Where does the need to write go when it goes, if it goes?

It goes in a scrap heap, with every other sort of faith and belief in intangible things.  Go to work, press the start button, buy the coffee even if no one particularly likes the coffee – it’s too bitter, type the emails, remember to check the mailbox, follow the steps, twitch and snort when out of view, taste the salted flesh preserved and simple, and constrain your metal heart.

If it goes, you go, really, with it to the scrap heap.  And the robot runs the work, while you nestle without pain into the witch jar of rusted nails and half-broken thumb tacks and sharp memories claimed to be forgotten.  You dream in the lemonade, you start floating around with the chili pepper, you burn and reformulate.

We do not say I love you afterwards, but it hardly matters when everything is kind and soft and urgent and sincere.  Sometimes I almost do, and I stop myself. We do not say the name so we do not conform with casings and shells and polymers and masks.  But we are somewhere while the body is the robot.  We are somewhere and we are there together.

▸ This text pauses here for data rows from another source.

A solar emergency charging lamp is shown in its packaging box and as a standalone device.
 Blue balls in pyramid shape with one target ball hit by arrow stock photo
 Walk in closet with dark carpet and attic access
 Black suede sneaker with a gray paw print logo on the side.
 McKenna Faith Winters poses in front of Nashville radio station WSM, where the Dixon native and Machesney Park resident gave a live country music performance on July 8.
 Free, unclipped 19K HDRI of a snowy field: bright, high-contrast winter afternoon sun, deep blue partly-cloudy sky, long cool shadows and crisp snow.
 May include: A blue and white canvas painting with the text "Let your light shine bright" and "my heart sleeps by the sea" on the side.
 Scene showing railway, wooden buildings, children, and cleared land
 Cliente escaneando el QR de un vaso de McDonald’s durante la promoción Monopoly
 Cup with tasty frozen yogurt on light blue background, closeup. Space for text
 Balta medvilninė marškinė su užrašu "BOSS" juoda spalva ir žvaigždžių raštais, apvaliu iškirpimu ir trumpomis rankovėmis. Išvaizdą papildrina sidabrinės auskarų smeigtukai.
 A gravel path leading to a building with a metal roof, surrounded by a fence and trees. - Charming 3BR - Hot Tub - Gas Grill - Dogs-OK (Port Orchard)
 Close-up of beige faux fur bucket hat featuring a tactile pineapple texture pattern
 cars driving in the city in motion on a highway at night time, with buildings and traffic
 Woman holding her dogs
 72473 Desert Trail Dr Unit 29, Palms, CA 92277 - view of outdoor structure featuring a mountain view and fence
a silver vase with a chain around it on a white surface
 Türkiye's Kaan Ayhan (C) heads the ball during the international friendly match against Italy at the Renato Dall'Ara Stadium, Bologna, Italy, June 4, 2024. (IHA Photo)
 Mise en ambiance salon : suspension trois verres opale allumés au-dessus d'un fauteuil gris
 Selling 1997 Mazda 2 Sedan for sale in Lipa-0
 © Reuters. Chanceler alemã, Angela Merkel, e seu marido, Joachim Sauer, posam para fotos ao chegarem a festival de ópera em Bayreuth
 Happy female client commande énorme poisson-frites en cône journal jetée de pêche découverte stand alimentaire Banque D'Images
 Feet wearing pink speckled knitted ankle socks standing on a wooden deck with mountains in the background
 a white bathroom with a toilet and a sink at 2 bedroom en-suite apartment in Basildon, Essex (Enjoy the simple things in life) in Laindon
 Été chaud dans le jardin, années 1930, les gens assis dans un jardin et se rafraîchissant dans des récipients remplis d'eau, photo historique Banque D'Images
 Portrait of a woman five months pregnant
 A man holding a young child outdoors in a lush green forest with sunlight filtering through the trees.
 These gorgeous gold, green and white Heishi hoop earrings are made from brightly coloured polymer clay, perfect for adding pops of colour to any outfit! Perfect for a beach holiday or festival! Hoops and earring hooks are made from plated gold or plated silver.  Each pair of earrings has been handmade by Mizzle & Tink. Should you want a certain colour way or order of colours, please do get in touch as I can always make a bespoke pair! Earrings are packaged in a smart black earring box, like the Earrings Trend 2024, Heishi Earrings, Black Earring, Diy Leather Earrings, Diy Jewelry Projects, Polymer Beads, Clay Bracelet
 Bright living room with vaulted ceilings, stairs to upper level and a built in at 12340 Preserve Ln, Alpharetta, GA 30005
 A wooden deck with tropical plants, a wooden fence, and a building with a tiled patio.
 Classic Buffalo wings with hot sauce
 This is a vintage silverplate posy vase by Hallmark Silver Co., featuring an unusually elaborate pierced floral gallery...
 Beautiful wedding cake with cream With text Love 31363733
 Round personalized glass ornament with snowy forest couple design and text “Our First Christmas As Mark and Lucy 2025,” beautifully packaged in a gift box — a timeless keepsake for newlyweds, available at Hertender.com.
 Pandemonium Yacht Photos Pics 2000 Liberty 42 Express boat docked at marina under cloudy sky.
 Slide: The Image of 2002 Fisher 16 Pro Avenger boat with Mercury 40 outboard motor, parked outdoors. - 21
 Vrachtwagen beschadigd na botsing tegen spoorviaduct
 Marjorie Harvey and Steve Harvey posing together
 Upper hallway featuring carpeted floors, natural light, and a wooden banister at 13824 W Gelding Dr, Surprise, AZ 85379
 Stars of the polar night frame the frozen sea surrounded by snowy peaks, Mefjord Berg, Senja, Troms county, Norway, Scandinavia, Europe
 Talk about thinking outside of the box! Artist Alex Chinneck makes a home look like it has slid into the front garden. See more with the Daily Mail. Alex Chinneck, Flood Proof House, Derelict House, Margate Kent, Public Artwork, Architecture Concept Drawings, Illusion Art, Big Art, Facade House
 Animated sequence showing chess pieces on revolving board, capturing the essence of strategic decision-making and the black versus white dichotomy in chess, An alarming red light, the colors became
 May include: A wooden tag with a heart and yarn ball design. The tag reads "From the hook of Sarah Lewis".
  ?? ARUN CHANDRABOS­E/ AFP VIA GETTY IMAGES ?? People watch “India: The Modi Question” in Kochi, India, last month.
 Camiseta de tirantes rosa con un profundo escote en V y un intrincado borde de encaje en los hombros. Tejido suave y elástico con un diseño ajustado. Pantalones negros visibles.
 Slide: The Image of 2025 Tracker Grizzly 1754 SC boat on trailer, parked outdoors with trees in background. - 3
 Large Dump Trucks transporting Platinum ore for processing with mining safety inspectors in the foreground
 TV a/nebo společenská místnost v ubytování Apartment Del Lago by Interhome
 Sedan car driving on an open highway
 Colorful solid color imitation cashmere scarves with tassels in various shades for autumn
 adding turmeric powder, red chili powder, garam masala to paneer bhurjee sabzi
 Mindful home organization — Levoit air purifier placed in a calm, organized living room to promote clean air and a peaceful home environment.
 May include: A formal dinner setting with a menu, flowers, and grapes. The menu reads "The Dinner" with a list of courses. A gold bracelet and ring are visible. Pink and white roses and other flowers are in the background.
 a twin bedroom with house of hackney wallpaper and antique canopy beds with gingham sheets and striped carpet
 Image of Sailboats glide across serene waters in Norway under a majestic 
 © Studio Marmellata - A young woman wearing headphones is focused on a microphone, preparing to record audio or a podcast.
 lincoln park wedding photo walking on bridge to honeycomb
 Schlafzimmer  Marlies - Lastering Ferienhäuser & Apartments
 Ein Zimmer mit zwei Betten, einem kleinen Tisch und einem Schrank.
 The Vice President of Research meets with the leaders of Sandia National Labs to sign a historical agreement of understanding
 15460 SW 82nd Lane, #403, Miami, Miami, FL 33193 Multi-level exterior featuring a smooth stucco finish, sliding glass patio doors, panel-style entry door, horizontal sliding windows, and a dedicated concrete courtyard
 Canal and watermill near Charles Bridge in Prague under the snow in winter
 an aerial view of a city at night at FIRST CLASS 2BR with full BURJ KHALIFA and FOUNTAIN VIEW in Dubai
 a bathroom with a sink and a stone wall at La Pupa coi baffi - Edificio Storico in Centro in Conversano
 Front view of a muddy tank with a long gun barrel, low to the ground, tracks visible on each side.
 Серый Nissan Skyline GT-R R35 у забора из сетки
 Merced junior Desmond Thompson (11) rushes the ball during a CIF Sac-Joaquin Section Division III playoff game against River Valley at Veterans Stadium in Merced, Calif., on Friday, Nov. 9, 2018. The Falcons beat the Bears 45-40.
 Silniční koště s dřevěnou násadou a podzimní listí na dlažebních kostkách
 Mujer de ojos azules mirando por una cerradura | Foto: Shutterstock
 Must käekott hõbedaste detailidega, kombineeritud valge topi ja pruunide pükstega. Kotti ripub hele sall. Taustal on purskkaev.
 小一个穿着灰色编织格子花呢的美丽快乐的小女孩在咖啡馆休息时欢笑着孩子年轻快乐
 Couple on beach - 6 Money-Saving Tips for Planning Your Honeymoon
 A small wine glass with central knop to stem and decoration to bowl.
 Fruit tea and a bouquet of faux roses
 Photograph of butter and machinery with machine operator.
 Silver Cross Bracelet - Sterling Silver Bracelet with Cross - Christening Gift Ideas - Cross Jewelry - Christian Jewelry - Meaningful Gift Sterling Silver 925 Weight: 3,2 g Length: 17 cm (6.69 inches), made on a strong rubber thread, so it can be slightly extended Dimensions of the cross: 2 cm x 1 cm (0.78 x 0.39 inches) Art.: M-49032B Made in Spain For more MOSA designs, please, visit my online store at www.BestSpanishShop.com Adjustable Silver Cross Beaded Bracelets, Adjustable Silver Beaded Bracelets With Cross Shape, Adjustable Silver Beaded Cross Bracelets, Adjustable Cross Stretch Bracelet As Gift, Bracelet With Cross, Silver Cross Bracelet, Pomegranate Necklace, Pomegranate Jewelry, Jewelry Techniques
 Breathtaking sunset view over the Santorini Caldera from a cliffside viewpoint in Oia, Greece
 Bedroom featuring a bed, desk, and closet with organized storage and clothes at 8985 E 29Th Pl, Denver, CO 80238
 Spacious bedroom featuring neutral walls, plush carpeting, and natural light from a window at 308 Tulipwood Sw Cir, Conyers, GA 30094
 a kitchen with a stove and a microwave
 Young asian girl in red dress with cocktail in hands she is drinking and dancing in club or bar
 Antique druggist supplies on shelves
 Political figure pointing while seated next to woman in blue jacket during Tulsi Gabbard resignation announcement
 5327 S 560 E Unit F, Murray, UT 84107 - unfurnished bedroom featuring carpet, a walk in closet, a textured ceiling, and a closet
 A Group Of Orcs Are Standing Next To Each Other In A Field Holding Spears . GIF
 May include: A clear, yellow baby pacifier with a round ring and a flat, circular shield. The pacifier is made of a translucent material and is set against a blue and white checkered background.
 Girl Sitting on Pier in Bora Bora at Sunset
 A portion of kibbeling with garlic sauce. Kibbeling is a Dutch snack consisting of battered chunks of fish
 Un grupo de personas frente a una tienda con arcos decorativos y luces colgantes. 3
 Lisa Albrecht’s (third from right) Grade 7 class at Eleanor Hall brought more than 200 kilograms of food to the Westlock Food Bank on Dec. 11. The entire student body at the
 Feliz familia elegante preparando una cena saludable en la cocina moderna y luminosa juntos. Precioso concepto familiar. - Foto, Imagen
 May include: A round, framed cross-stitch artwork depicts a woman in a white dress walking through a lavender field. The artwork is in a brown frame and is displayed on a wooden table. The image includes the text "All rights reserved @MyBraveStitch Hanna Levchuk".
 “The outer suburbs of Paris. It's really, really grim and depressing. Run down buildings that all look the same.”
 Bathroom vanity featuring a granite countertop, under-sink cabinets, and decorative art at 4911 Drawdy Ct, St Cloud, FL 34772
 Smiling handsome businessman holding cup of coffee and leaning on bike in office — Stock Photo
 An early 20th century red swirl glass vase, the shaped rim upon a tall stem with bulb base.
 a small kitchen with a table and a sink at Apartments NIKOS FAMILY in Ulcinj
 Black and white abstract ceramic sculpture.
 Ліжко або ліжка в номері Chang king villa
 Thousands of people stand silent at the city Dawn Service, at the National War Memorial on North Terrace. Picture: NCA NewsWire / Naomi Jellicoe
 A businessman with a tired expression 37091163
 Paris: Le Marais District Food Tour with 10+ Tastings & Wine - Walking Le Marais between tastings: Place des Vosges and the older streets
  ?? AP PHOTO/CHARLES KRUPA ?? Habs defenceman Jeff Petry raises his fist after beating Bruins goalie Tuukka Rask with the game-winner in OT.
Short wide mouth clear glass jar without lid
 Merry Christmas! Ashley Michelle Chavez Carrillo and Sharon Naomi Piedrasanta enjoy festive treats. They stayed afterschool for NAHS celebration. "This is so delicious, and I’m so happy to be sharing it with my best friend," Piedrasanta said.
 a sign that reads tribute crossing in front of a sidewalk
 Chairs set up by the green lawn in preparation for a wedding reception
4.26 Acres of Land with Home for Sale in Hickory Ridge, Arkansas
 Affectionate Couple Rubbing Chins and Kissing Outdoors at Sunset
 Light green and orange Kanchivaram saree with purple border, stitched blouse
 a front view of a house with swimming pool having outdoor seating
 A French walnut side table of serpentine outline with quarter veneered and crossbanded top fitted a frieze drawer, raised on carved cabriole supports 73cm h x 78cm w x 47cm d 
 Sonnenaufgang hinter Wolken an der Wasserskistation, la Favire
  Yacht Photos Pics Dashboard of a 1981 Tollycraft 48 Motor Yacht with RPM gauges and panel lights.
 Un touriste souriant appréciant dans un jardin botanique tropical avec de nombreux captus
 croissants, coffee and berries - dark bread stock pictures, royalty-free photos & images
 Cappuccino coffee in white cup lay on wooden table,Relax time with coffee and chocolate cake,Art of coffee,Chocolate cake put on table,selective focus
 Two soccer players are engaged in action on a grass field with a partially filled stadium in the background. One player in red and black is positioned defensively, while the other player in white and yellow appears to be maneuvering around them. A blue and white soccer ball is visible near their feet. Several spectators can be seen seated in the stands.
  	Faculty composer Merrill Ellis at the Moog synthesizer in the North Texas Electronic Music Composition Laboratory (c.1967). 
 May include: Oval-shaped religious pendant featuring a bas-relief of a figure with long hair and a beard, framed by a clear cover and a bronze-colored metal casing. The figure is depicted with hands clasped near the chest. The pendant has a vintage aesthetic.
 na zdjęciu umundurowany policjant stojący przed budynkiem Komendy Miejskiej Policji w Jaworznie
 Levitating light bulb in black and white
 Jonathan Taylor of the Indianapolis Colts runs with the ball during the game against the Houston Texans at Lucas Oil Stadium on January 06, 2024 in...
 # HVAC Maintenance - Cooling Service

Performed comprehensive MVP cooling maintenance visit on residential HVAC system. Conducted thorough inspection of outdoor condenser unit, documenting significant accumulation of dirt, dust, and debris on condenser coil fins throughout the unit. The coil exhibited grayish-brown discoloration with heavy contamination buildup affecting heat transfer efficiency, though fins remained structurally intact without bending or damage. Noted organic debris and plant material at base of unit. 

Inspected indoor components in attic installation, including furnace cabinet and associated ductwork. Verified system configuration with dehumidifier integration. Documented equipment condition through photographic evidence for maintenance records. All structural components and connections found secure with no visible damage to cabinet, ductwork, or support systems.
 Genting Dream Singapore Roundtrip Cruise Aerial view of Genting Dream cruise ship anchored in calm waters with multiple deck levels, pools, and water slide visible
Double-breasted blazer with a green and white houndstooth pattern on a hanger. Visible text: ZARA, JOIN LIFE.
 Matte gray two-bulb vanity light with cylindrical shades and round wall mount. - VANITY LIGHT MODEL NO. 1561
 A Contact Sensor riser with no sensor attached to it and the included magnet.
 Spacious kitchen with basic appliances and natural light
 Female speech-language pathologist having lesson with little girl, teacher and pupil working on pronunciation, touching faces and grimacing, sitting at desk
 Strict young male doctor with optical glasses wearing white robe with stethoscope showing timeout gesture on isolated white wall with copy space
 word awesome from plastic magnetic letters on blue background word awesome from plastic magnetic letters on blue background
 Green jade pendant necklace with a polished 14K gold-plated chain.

I find it difficult to remember because I am trying so hard to recall everything about it.  Every breath and the way the voices sound as I make them, the one I lapse into without trying, this coquette, this flirt, this woman I never knew I knew so well.   I want to name her, this persona so casually undertaken, but already she feels like dream dust.  All of this feels like the sort of thing I would make up, with the bends in it to make it seem real even though it’s all a blue caravan trundling through the dark trees along the mountain pass.  Steady and not stopping, no matter your curiosity as to the nature of its contents.  It whirls in my head, that this is happening, and it’s heady like a drink first feels when the alcohol sets in.  It is chemicals, the scientists say, and I say, but the body is a robot. This is me and I am elsewhere.

Today has been marked down as Friday and perhaps the world will end soon.  Terrible things are happening – hate is just spilling out like so much acrid, poisonous sulfur bubbling up from caverns we had long held to be sealed.  So sealed as to be forgettable, paths forsworn, unnecessary for any travel reasonable souls would undertake.   Terrible things and as one of those things, we are given to watch from our robot eyes and these arms so new with such shoddy articulation that we have yet to finesse our grip.

Meanwhile, we are not there at all.

 

 

 

 

Moonache

The bad habits.  The bad, bad, bad habits.  You give one inch to one of them and down the hill you roll with them all.

Now, I have some ice water.   It seems to be a medicine and I can think again.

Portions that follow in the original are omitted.